Stephan Bader macht wenig Hoffnung. «Kalte winterliche Phasen sind auch unter einem grundlegend wärmeren Klima-Regime nach wie vor möglich», sagt er. Allerdings dürften sie seltener werden und auch weniger intensiv ausfallen als in der Vergangenheit – eben etwa so wie das aktuelle «Kältewellchen».
Klima und Wetter unterscheiden
Überhaupt würden bei der Beurteilung solcher Ereignisse immer wieder Wetter und Klima miteinander verwechselt. «Dabei ist es essentiell, dass ein Unterschied gemacht wird», sagt Bader. Das Wetter ist das, was jeder im Gesicht spürt, wenn er vor die Haustür tritt: Wind, Regen, Wärme, Kälte. Das Klima hingegen ist der Durchschnitt der Prozesse in der Erdatmosphäre.
Das Klima hat sich in der Schweiz seit Beginn der regelmässigen Messungen im Durchschnitt um mehr als 2 Grad erwärmt. Wie genau sich diese Erwärmung auf das Auftreten bestimmter Wetterlagen auswirkt, ist jedoch nach wie vor schwer einzuschätzen. Allein zwischen den Jahreszeiten gibt es erhebliche Unterschiede.
Im Sommer macht sich die Klimaerwärmung im Alpenraum mittlerweile relativ deutlich anhand des gehäuften Auftretens einer bestimmten Wetterlage bemerkbar. Das sommerliche Mittelmeer-Hochdruckgebiet dehnt sich zusehends nach Norden aus. Das begünstigt das Auftreten von Hitzewellen in der Schweiz.

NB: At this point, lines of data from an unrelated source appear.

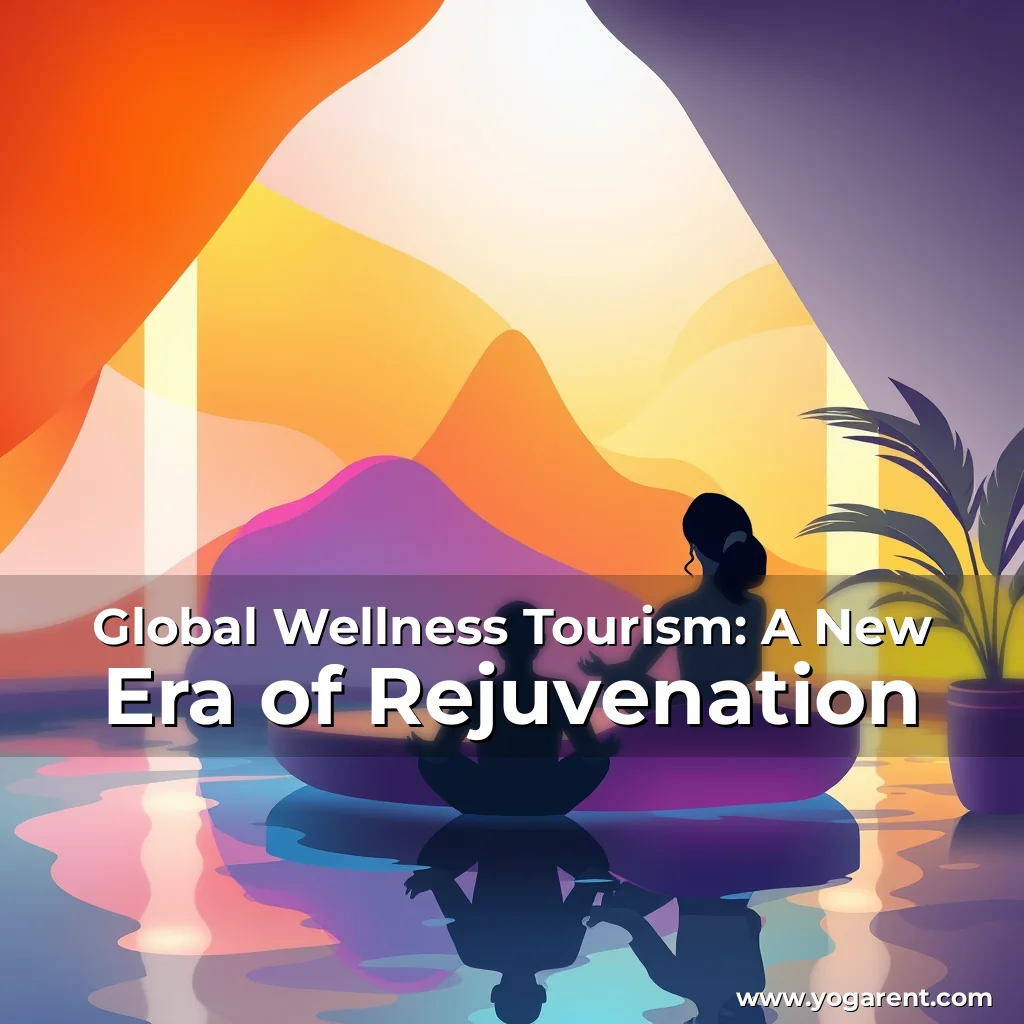 Read more about the article Global Wellness Tourism: A New Era of Rejuvenation
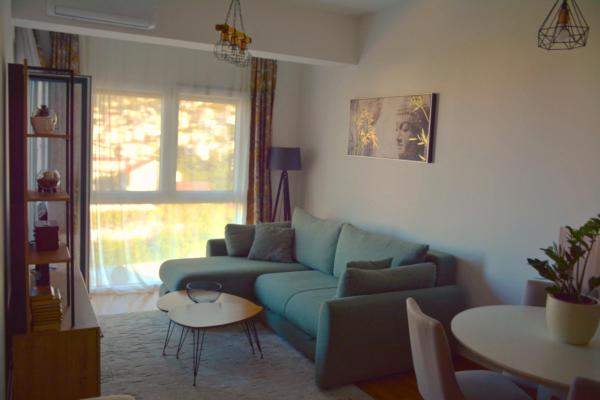 På bildet vises objektet Sunset Retreat Apartment Bar som ligger i byen Bar.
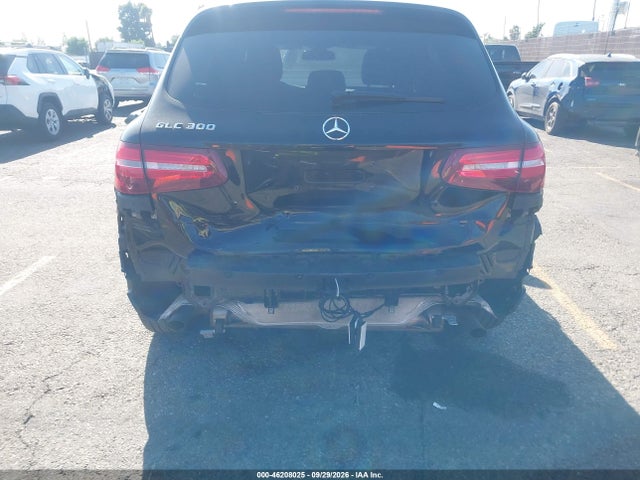 Aukcja sprzedaży 2018 Mercedes-benz Glc 300, vin: WDC0G4JB3JV101681, numer aukcji: 46208025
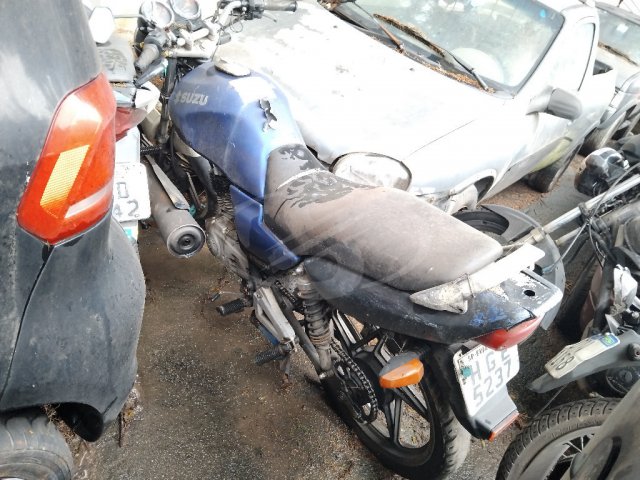 Foto 2: JTA/SUZUKI EN125 YES, 08/09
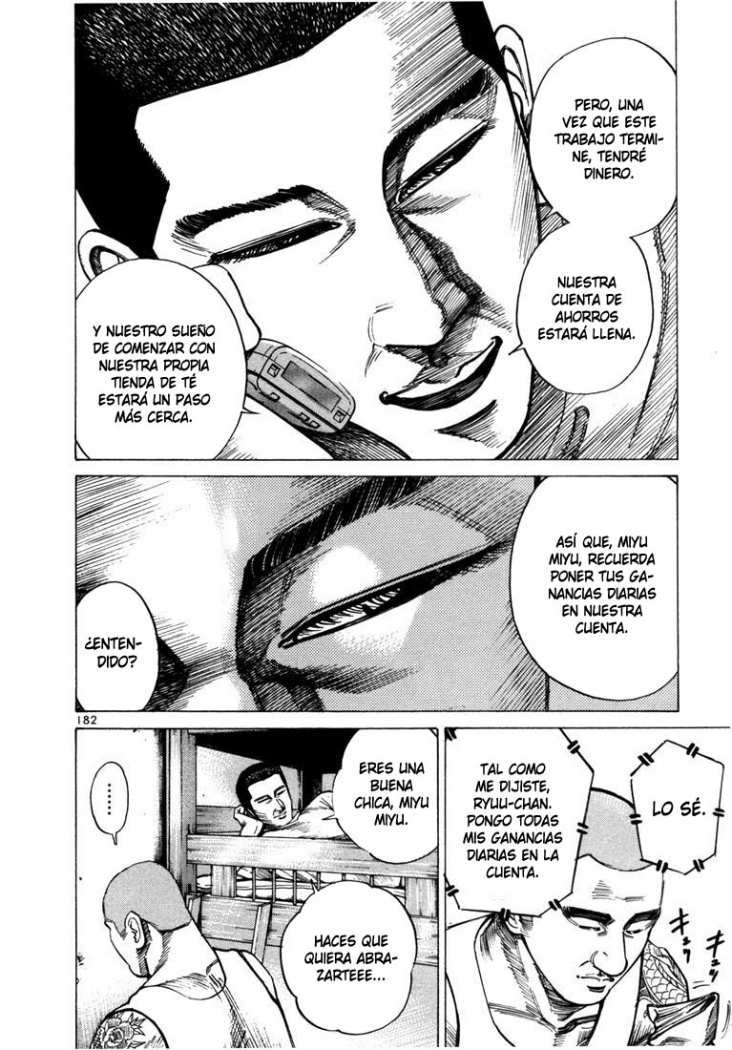 Read Ichi The Killer (es) Manga Online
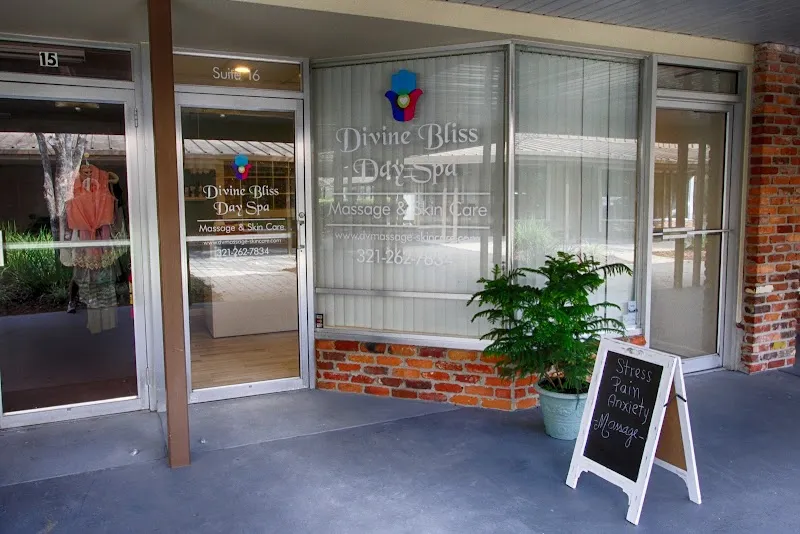Divine Bliss Day Spa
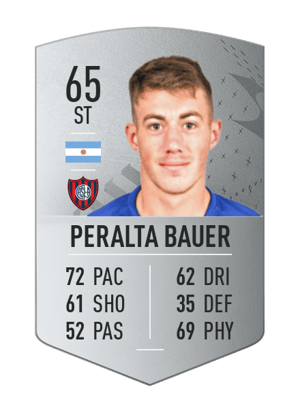 Mariano Peralta Bauer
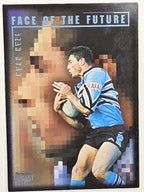 1995 Dynamic Series 3 Winfield Cup Tribute #098 Sean Ryan Cronulla Sutherland Sharks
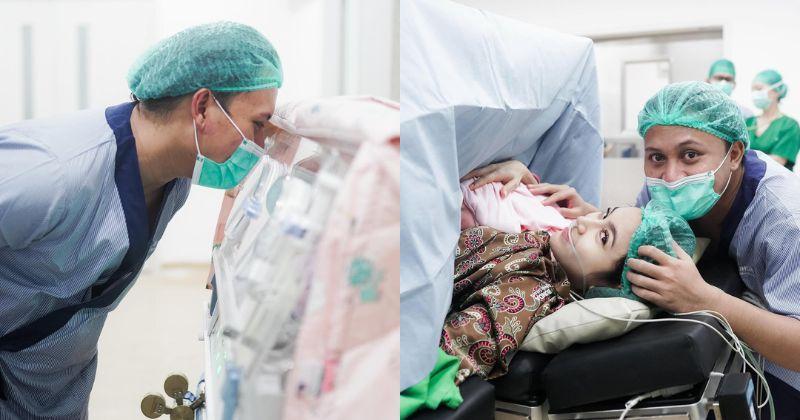 Fakta Baby Selina, Anak Pertama Mahalini dan Rizky Febian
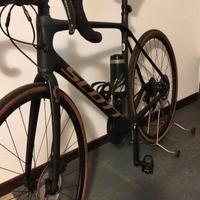 Bici da corsa Scott Disc Endurance taglia 56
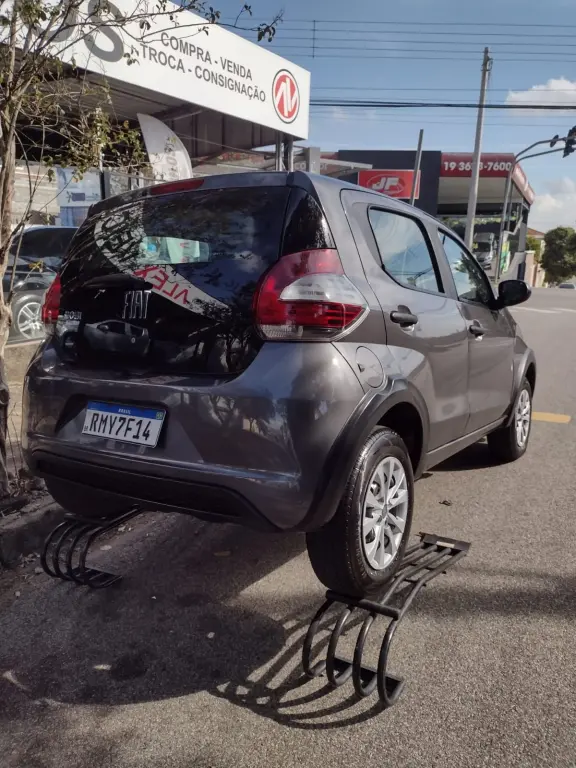 FIAT Mobi - Foto
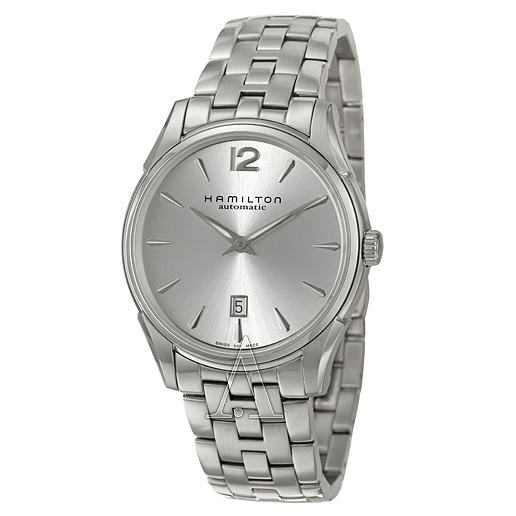 HAMILTON 汉米尔顿 Jazzmaster 爵士系列 H38615155 男款机械腕表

Im Winter ist ein solches Muster gemäss Stephan Bader bisher nicht klar erkennbar. Das liege daran, dass das Wettergeschehen im Winter vielseitiger und von mehr Faktoren beeinflusst sei als im Sommer.
Für jede These eine Gegenthese
Immer wieder tauchen in diesem Zusammenhang neue Theorien auf. Unlängst sorgte eine Studie des Potsdamer Instituts für Klimafolgenforschung für Aufsehen. Der Inhalt kurz zusammengefasst: Durch die starke Erwärmung über dem Nordpol in den letzten Jahren und das verstärkte Abschmelzen des Packeises erhöhe sich die Wahrscheinlichkeit von extrem kaltem Winterwetter in Europa und Asien.
Mehr Kälte in Europa durch eine wärmere Arktis? Stephan Bader steht dieser sogenannten Karasee-Theorie skeptisch gegenüber. Bader findet den Ansatz zwar spannend – er verweist aber auf die extrem grossen Unsicherheiten, bedingt durch die komplexen Zirkulationsmuster auf der Nordhalbkugel. «Für jede dieser Theorien lässt sich eine Gegentheorie finden», sagt er.
Fakt ist: Extreme Kälteperioden treten in der Schweiz im langjährigen Vergleich immer seltener auf, und sie werden immer schwächer. Und derzeit gibt es nichts, was darauf hindeutet, dass sich an dieser Tendenz auch nur im Geringsten etwas ändern könnte.